We also have to define the type of target that will be executed — in our case the Pub/Sub. After this, we picked the LaCiutatAlDia_Trigger topic that we just created in the previous step.
We will not use the message body specificities so you can put whatever you want. In my case, I will add “update! :)”
Cloud Cloud Scheduler search on GCP. Self-made image.
Once created, this new job should appear in the list, with its next scheduled execution indicated in the Next run column.
Cloud Scheduler UI. Self-made image.
#3. Creating a Cloud Function
Before starting to deal with our Python code and Google Cloud functions, we need to perform an initial step. If you remember, we defined a Dataset and table_name in our Python script — so we need to make sure the Dataset exists so we can create a table under it.
To do so, we just need to go to BigQuery and create a new dataset.
BigQuery UI, creating a new dataset — Self-made image.
We define the characteristics of this dataset.
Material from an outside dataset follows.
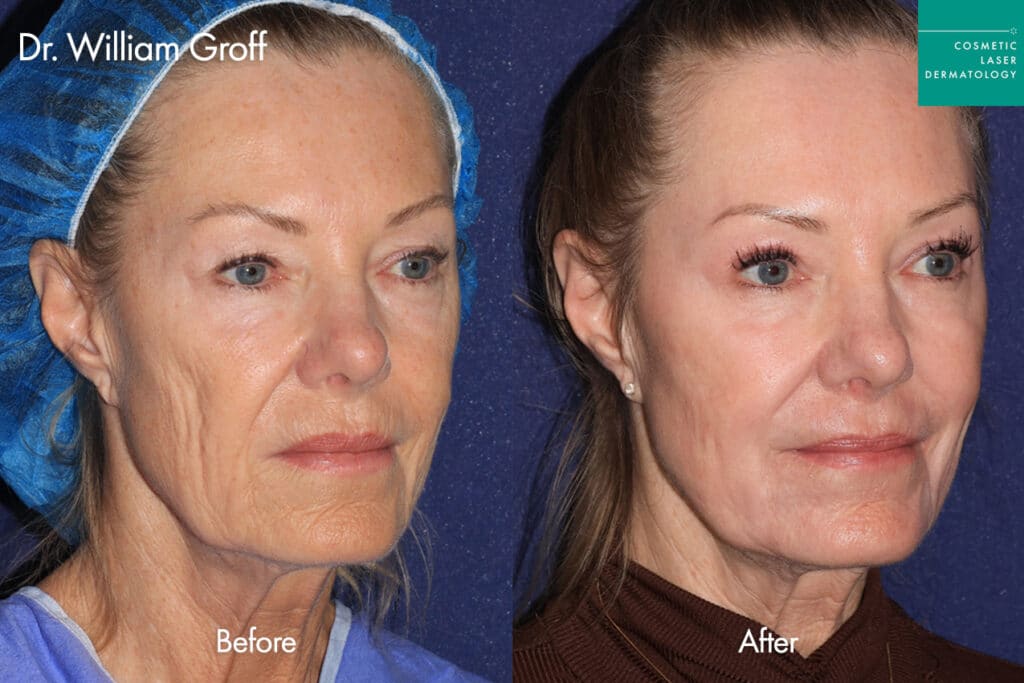 Take10 before and after photos of a female patient to treat fine lines and wrinkles in San DIego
In my case, I called it LaCiutatAlDia.
We can navigate to the Cloud Functions page through the search bar and click on Create Function.
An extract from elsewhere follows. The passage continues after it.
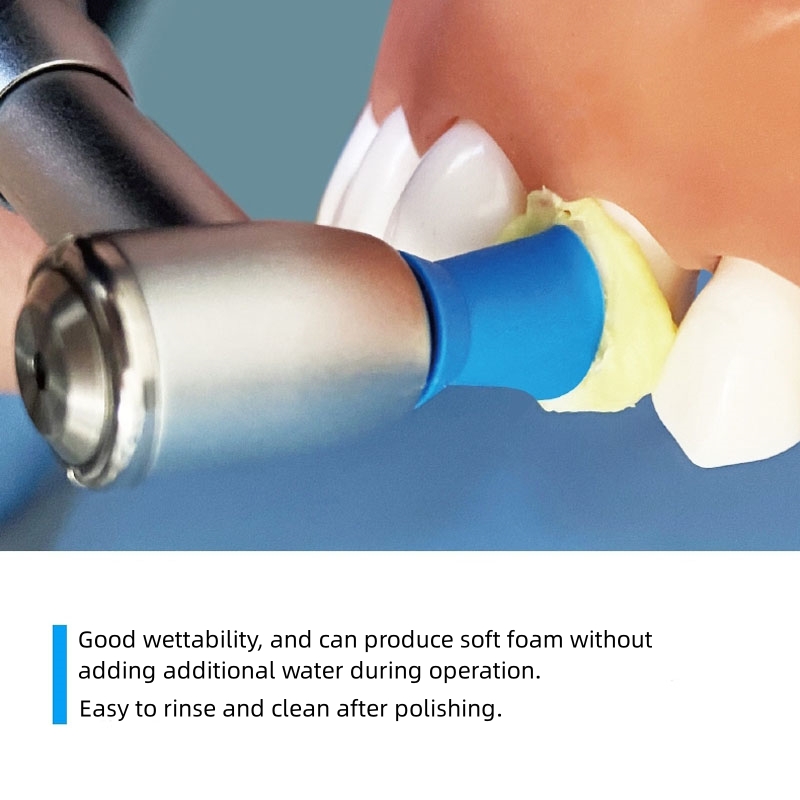 40g/Tube Dental Tooth Polishin - Teeth Whitening Kit Professional recensie en prijs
⚠️ Google might ask you to activate additional APIs such as CloudFunctions.
Cloud Functions UI — Self-made screenshot.
Cloud Functions can be considered as small containers that will execute the code within them. They support different languages such as: .NEt, Go, Java, Node, PHP, Python, or Ruby.
In our case, we will use Python. We first need to crete a new function.
We create a function called LaCiutatAlDia_update, triggered by Pub/Sub messages of the BarcelonaAlDia trigger.
Cloud Functions UI — Self-made screenshot.
Once the configuration is done, we need to choose the corresponding language. We choose Python 3.11.
Any Google Cloud function always has two different files. A main.py file with the python script and a requirements.txt file where all required libraries are defined.
It is now only a matter of copy-pasting the code hosted in my GitHub for:
Cloud Function — requirements.txt Configuration —Self-made image.
We click on Deploy and wait for the Cloud Function to be active.
As we want to make sure that the function is working well without waiting for the Pub/Sub message, we can check it out using the Test function to run it indmediately.
Cloud Function UI, testing the function—Self-made image.
If the function is working properly, we will se the following message. For further info, we can always check the logs.
Cloud Function UI, testing the function. The execution was successful — Self-made image.
We can go to sleep 😪 and wait until the next morning to check whether the morning update went well.
Cloud Function UI, checking if the update worked. The execution was successful — Self-made image.
It worked!
⚠️ To make the code as simple as possible for this article, the Python script completely erases the table content and updates it with all available data every time. This is not the best way to optimize resources.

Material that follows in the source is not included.